*Exercise instructions*. Copy each record below faithfully, leaving out images.

- Opening Delimiter -

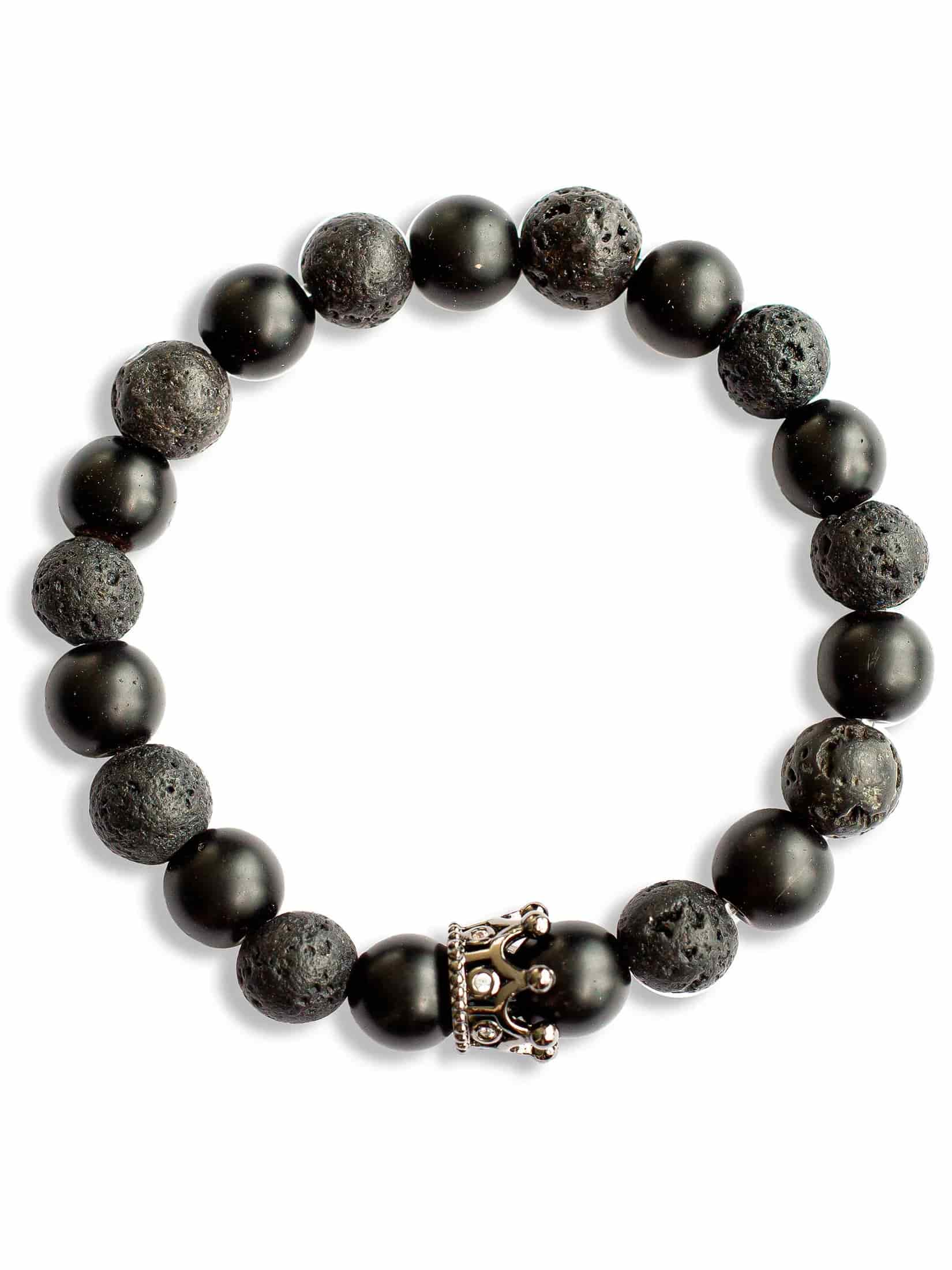 Brazalete Pareja Onyx 8mm - miniatura 1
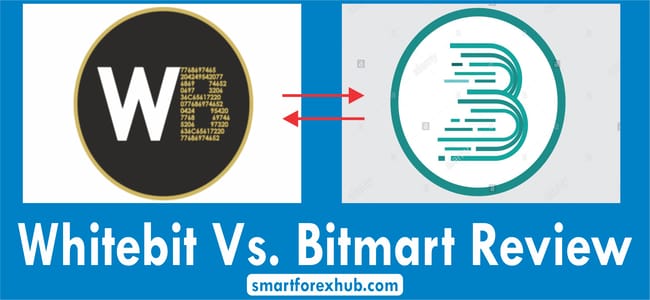 WhiteBit vs. Bitmart review featured image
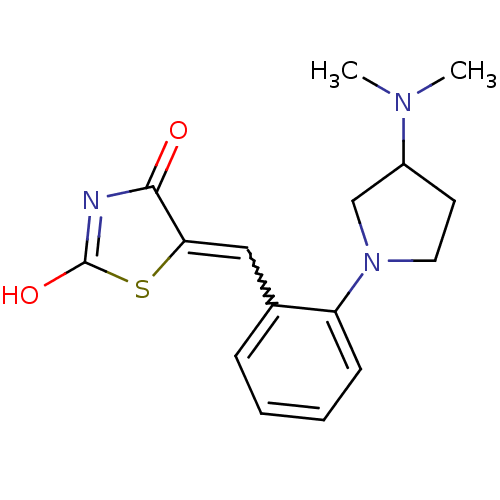 Chemical structure of BindingDB Monomer ID 50387301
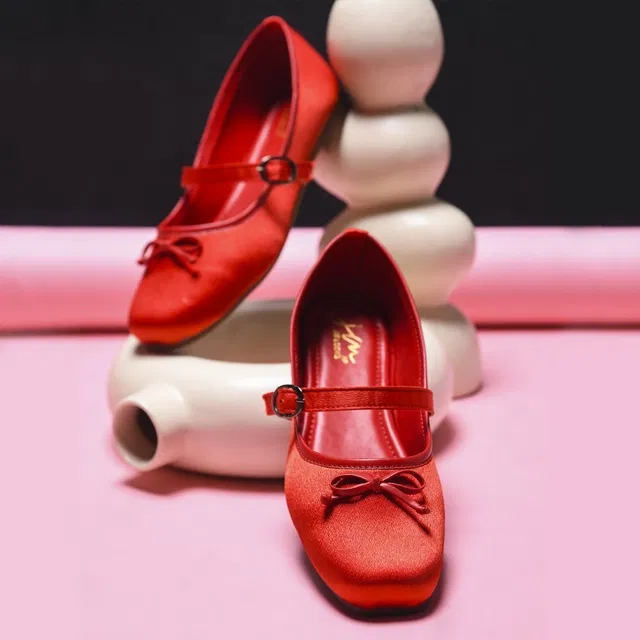 JM Looks Stylish Heels for Women (Red, 7)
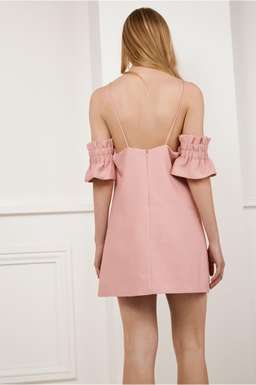 Cameo Collective Double Take Mini Dress Blush Size 8 for rent on The Volte - image 3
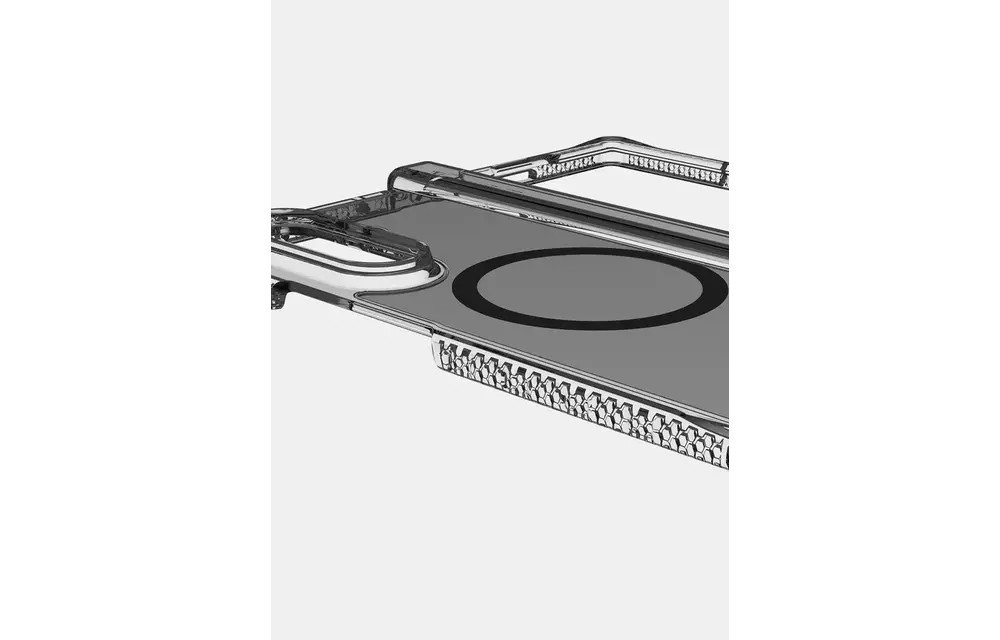 Itskins Hybrid Clear Hinge with MagSafe Case for Samsung Galaxy Z Fold 7 - Smoke and Transparent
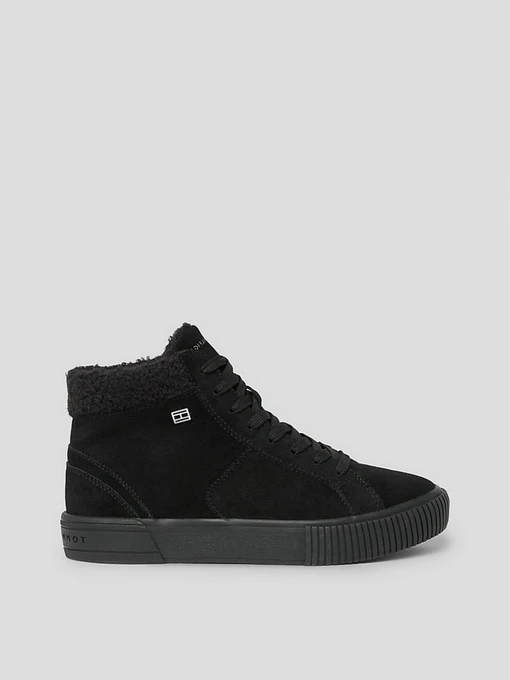 Ботинки и сапоги Tommy Hilfiger Suede High-Top Trainers модель FW0FW07549-BDS Фото
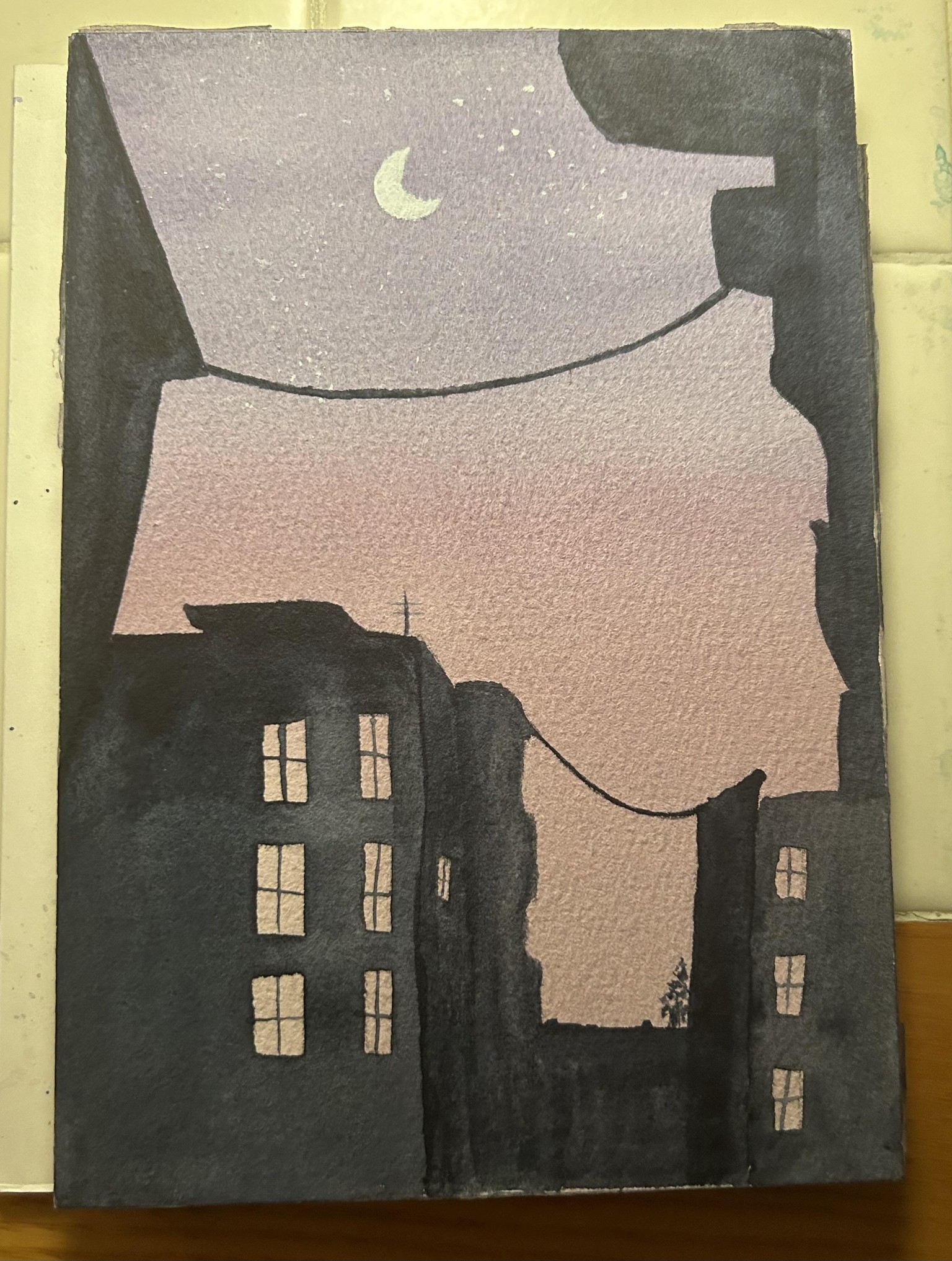 Night Sky City - image 1 - student project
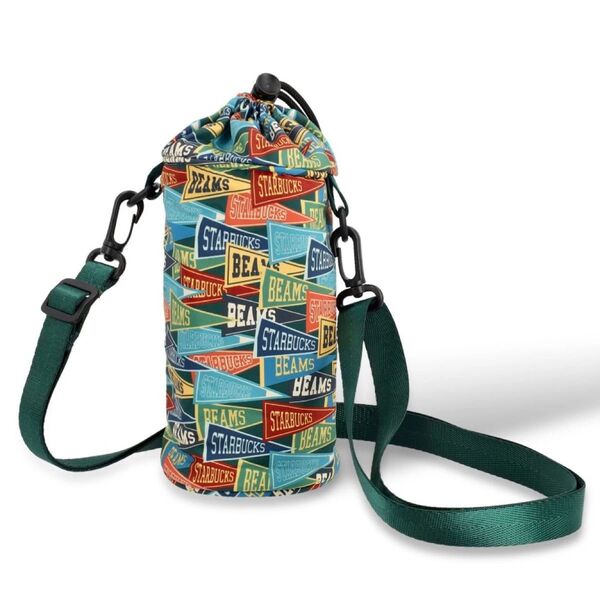 【海外限定】starbucks×BEAMS ペットボトルホルダー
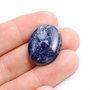 Cabochon  Sodalit Navy - natural, netratat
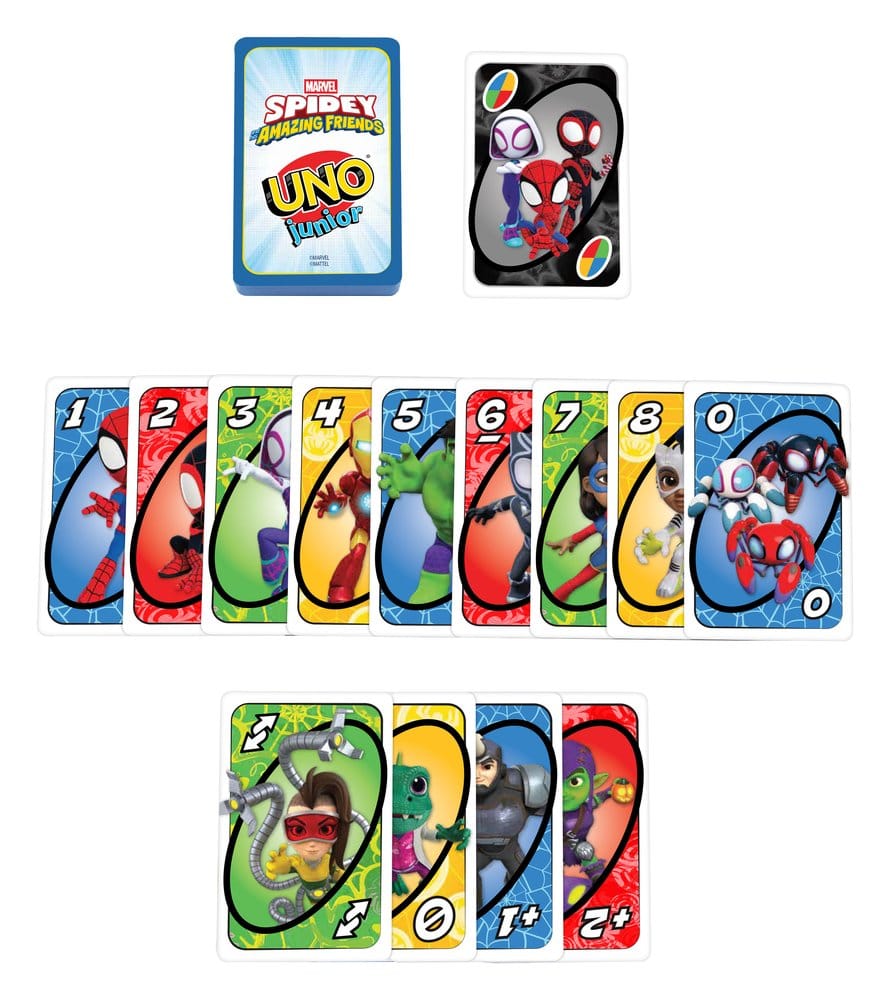 Spidey & His Amazing Friends UNO Junior Card Game Mattel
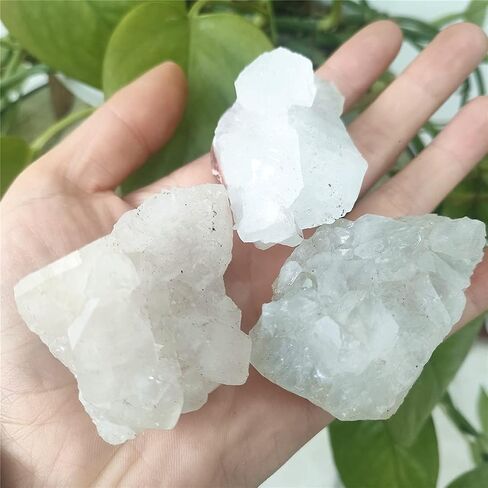 Health & Household 3pcs Natural Raw Apophyllite Stones Rough Mineral Crystal Specimen (Size : 25-35mm) in Saudi Arabia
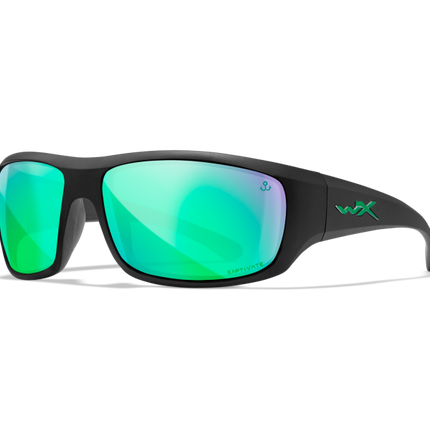 Wiley X WX OMEGA Oval Sunglasses Matte Black 66-17-125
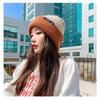 Unisex Herbst Winter Strickmütze Weiche Verdickte Wollmütze Doppelseitiger Ohrenschutz Beanies Mütze Damen Herren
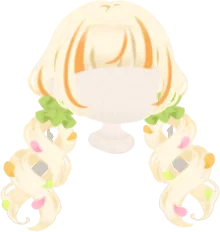 はにかむ花嫁のホワイトヘアの画像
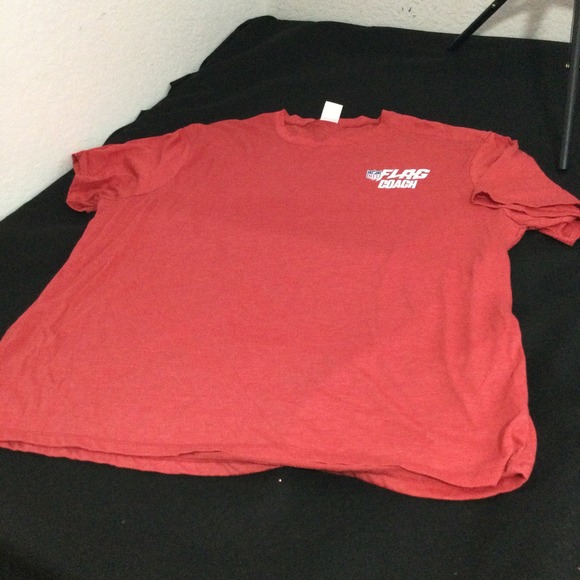 Augusta Sportswear NFL Flag Coach Red T Shirt Adult 3XL 3EG‎ Tee Top - Picture 4 of 5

- Closing Delimiter -

*Result below*.
 Brazalete Pareja Onyx 8mm - miniatura 1
 WhiteBit vs. Bitmart review featured image
 Chemical structure of BindingDB Monomer ID 50387301
 JM Looks Stylish Heels for Women (Red, 7)
 Cameo Collective Double Take Mini Dress Blush Size 8 for rent on The Volte - image 3
 Itskins Hybrid Clear Hinge with MagSafe Case for Samsung Galaxy Z Fold 7 - Smoke and Transparent
 Ботинки и сапоги Tommy Hilfiger Suede High-Top Trainers модель FW0FW07549-BDS Фото
 Night Sky City - image 1 - student project
 【海外限定】starbucks×BEAMS ペットボトルホルダー
 Cabochon  Sodalit Navy - natural, netratat
 Spidey & His Amazing Friends UNO Junior Card Game Mattel
 Health & Household 3pcs Natural Raw Apophyllite Stones Rough Mineral Crystal Specimen (Size : 25-35mm) in Saudi Arabia
 Wiley X WX OMEGA Oval Sunglasses Matte Black 66-17-125
 Unisex Herbst Winter Strickmütze Weiche Verdickte Wollmütze Doppelseitiger Ohrenschutz Beanies Mütze Damen Herren
 はにかむ花嫁のホワイトヘアの画像
 Augusta Sportswear NFL Flag Coach Red T Shirt Adult 3XL 3EG‎ Tee Top - Picture 4 of 5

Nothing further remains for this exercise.